UNITED STATES DISTRICT COURT FOR THE DISTRICT OF KANSAS
Apr 13, 2020
Case No. 2:20-CV-2061-HLT-KGG (D. Kan. Apr. 13, 2020)

Opinion

Case No. 2:20-CV-2061-HLT-KGG

04-13-2020

CGB DIVERSIFIED SERVICES, INC., Plaintiff, v. KANE ADAMS, Defendant.


MEMORANDUM AND ORDER

Plaintiff CGB Diversified Services ("CGB") has sued its former employee, Defendant Kane Adams, for breach of contract, misappropriation of trade secrets under state and federal law, and breach of fiduciary duty, after Adams resigned from CGB and went to work for a competitor. Adams moves to dismiss under Rule 12(b)(6). For the reasons discussed below, the Court grants Adams's motion and dismisses CGB's federal misappropriation claim (Count II). In light of that dismissal, the Court declines to exercise supplemental jurisdiction over CGB's remaining state-law claims (Counts I, III, and IV) and dismisses those claims without prejudice as well. I. BACKGROUND

The following facts are taken from the well-pleaded allegations of the complaint and, consistent with the standards for evaluating motions to dismiss under Rule 12(b)(6), the Court assumes the truth of these facts for purposes of analyzing Adams's motion to dismiss.

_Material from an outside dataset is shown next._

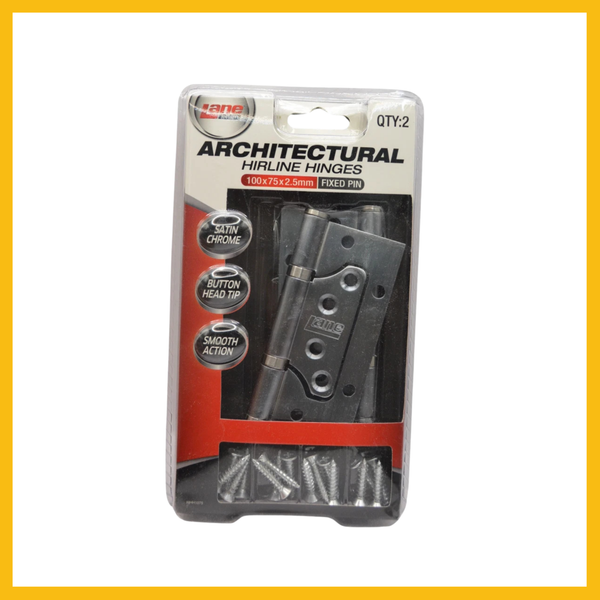 Bulk lot of 1 x Box of 24 x LANE. ARCHITECTURAL HIRLINE HINGES 100x75x2.5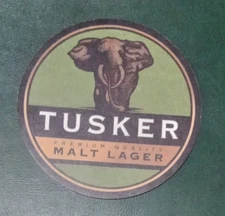 Kenya Tusker Malt Lager Beer Coaster/Mat.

CGB is in the business of crop insurance. Doc. 1 at ¶ 11. Adams worked for CGB for more than two years, and during that time he was entrusted with CGB's confidential and proprietary information and trade secrets. Id. at ¶¶ 2, 20-21. Adams was the West District Marketing Director, which meant he was responsible for "developing relationships with independent agents, marketing and promoting [CGB's] expertise in crop insurance and grain marketing." Id. at ¶ 20. In that role, he worked closely with customers and had access to CGB's customer information and profiles, as well as strategies for pricing, marketing, sales, and customer and agent service. Id. at ¶¶ 20, 22. CGB restricts access to and protects this information. Id. at ¶ 21.

As part of his employment, CGB issued Adams a laptop. Id. at ¶ 23. Adams also signed an agreement to not use or disclose CGB's confidential information. Id. at ¶¶ 27-28. The agreement prohibited Adams from interfering with, or soliciting, hiring, or encouraging current CGB employees to leave their employment for up to one year after separation from CGB. Id. at ¶ 29.

Adams and three other CGB employees resigned within minutes of each other on January 24, 2020. Id. at ¶ 45. In the weeks leading up to his resignation, Adams "accessed a wide variety and unusually large number of CGB documents" containing confidential information and trade secrets, including customer information. Id. at ¶ 33. The complaint alleges that on eight different dates before his resignation, Adams attached an external memory device to his work laptop and accessed confidential information and trade secrets. Id. at ¶¶ 34-42.

CGB contends that, "[o]n information and belief," Adams used CGB's trade secrets for the benefit of himself and his new employer, which is a competitor of CGB. Id. at ¶¶ 2, 43, 47, 49. Similarly, "[o]n information and belief," CGB alleges Adams engaged in actions against CGB's interest while he was still employed. Id. at ¶ 44. "On information and belief," CGB alleges that Adams intends to use its trade secrets and confidential information and "has shown that he intends to harm [CGB's] relationship with its customers." Id. at ¶¶ 50-53.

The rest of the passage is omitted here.